[LISTED ENTRIES Boundary: Start]
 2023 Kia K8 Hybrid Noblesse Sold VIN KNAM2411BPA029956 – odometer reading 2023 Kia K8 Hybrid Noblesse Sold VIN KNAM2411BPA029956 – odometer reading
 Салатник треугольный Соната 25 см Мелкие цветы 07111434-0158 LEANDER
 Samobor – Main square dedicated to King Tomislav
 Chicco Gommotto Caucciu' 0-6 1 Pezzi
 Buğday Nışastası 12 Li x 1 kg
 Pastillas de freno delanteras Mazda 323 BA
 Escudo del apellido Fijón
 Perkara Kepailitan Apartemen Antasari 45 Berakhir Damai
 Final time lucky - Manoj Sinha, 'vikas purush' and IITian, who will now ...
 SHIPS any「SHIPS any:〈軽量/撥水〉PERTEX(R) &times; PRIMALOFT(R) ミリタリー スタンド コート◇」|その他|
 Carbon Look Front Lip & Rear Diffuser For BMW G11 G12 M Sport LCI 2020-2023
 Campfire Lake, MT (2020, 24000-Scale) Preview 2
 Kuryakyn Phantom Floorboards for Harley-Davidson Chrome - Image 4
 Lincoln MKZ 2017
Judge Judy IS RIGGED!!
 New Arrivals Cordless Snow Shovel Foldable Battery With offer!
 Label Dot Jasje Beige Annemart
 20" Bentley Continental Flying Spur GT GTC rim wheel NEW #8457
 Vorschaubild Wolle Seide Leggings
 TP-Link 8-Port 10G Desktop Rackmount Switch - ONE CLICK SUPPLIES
[LISTED ENTRIES Boundary: End]
*EXERCISE REQUIREMENTS*
The material is to be given again in full and without variation.

*RESPONSE TO THIS TASK*
 2023 Kia K8 Hybrid Noblesse Sold VIN KNAM2411BPA029956 – odometer reading 2023 Kia K8 Hybrid Noblesse Sold VIN KNAM2411BPA029956 – odometer reading
 Салатник треугольный Соната 25 см Мелкие цветы 07111434-0158 LEANDER
 Samobor – Main square dedicated to King Tomislav
 Chicco Gommotto Caucciu' 0-6 1 Pezzi
 Buğday Nışastası 12 Li x 1 kg
 Pastillas de freno delanteras Mazda 323 BA
 Escudo del apellido Fijón
 Perkara Kepailitan Apartemen Antasari 45 Berakhir Damai
 Final time lucky - Manoj Sinha, 'vikas purush' and IITian, who will now ...
 SHIPS any「SHIPS any:〈軽量/撥水〉PERTEX(R) &times; PRIMALOFT(R) ミリタリー スタンド コート◇」|その他|
 Carbon Look Front Lip & Rear Diffuser For BMW G11 G12 M Sport LCI 2020-2023
 Campfire Lake, MT (2020, 24000-Scale) Preview 2
 Kuryakyn Phantom Floorboards for Harley-Davidson Chrome - Image 4
 Lincoln MKZ 2017
Judge Judy IS RIGGED!!
 New Arrivals Cordless Snow Shovel Foldable Battery With offer!
 Label Dot Jasje Beige Annemart
 20" Bentley Continental Flying Spur GT GTC rim wheel NEW #8457
 Vorschaubild Wolle Seide Leggings
 TP-Link 8-Port 10G Desktop Rackmount Switch - ONE CLICK SUPPLIES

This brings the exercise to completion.